■ Your task:
Taking the line with "Meilleures pinces à" as the first and the line with "Beurer DS 61" as the last, set down the lines below exactly, pictures excluded.

■ Working data:
————
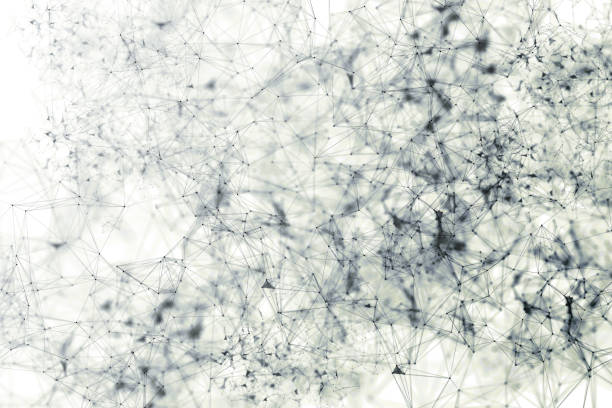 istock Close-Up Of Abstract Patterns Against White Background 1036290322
————
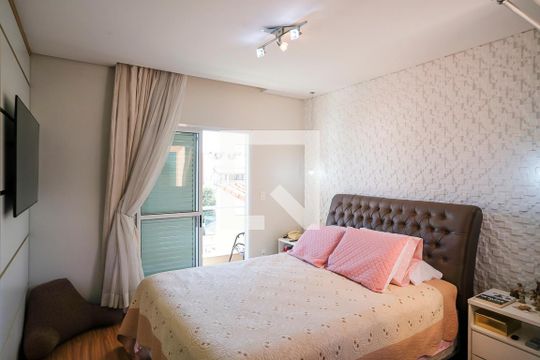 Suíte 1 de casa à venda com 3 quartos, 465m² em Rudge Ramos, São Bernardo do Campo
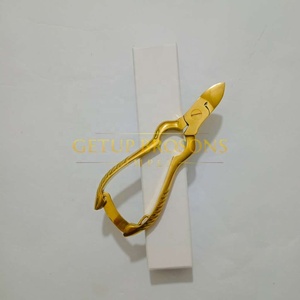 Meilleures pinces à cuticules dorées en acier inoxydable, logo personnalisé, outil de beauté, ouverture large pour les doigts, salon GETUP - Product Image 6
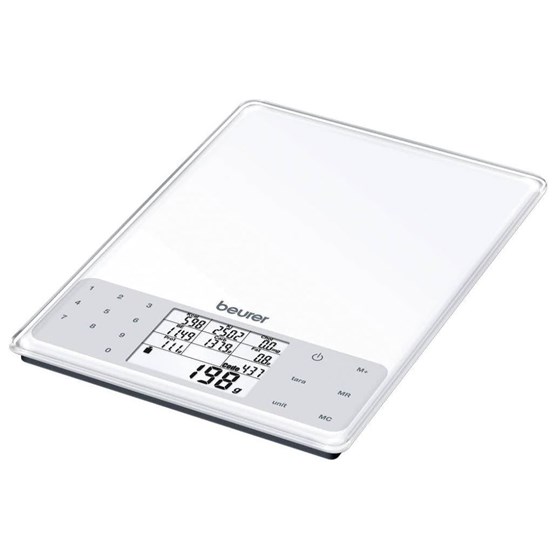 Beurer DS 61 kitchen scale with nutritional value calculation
————
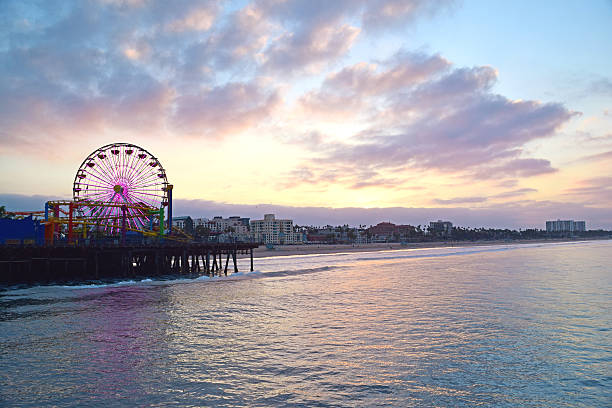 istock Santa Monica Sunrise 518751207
————
■ Exercise output:
 Meilleures pinces à cuticules dorées en acier inoxydable, logo personnalisé, outil de beauté, ouverture large pour les doigts, salon GETUP - Product Image 6
 Beurer DS 61 kitchen scale with nutritional value calculation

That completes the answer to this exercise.